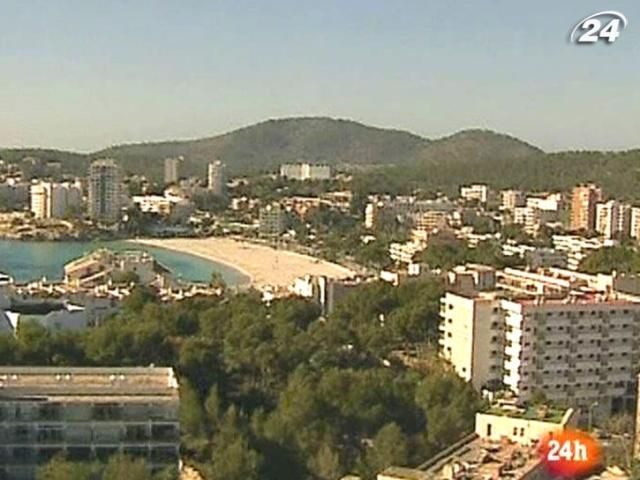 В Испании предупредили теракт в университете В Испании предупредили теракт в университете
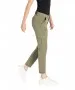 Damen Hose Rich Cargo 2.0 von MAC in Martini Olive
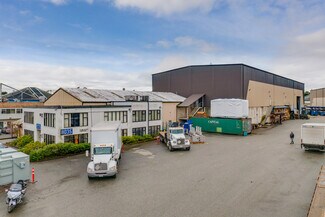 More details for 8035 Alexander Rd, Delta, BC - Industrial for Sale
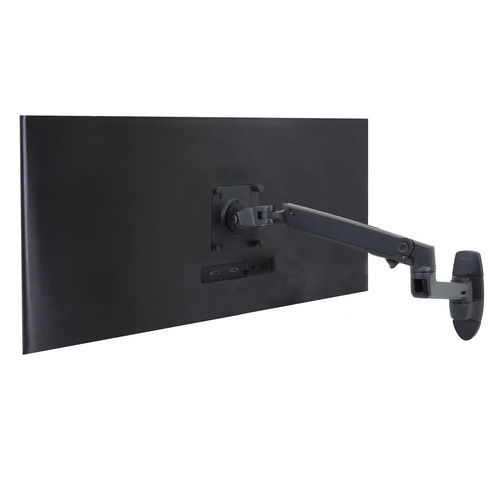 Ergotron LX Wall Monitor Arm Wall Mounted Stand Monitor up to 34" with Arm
* * *
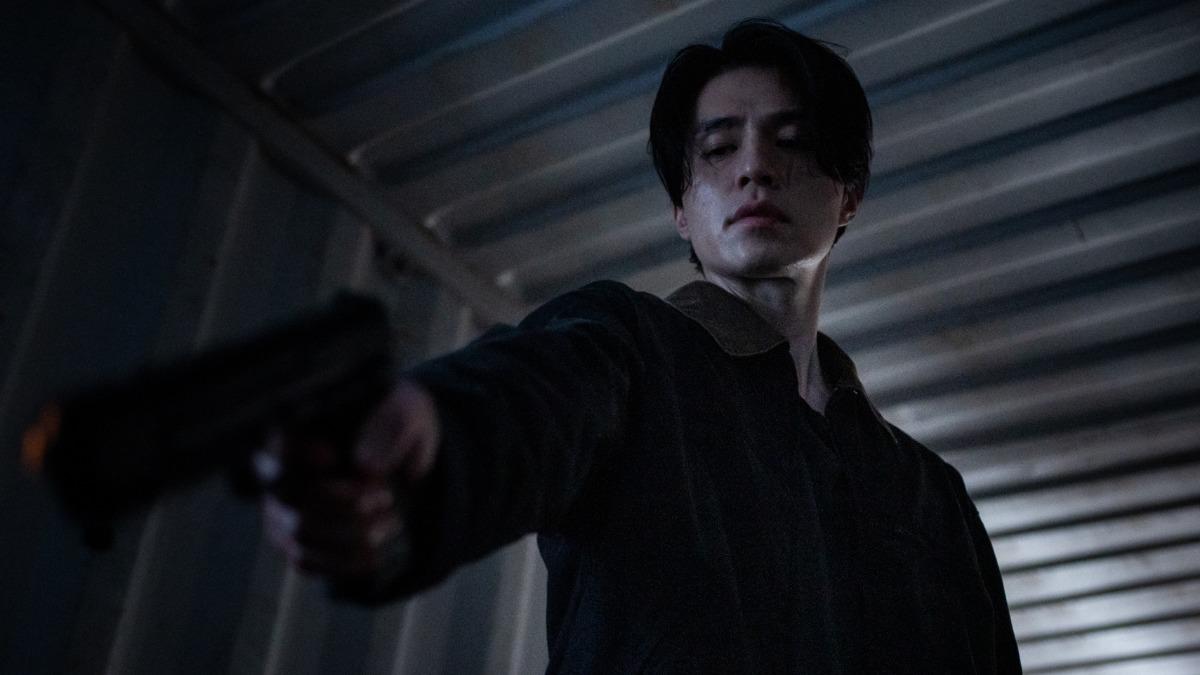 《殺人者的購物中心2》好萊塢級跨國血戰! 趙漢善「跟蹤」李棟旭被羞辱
* * *
Exercise aim: Within the listing above, write out the stretch from the line with "More details for" through the line with "Ergotron LX Wall" exactly. Any pictures are to be left out.

Problem solution:
 More details for 8035 Alexander Rd, Delta, BC - Industrial for Sale
 Ergotron LX Wall Monitor Arm Wall Mounted Stand Monitor up to 34" with Arm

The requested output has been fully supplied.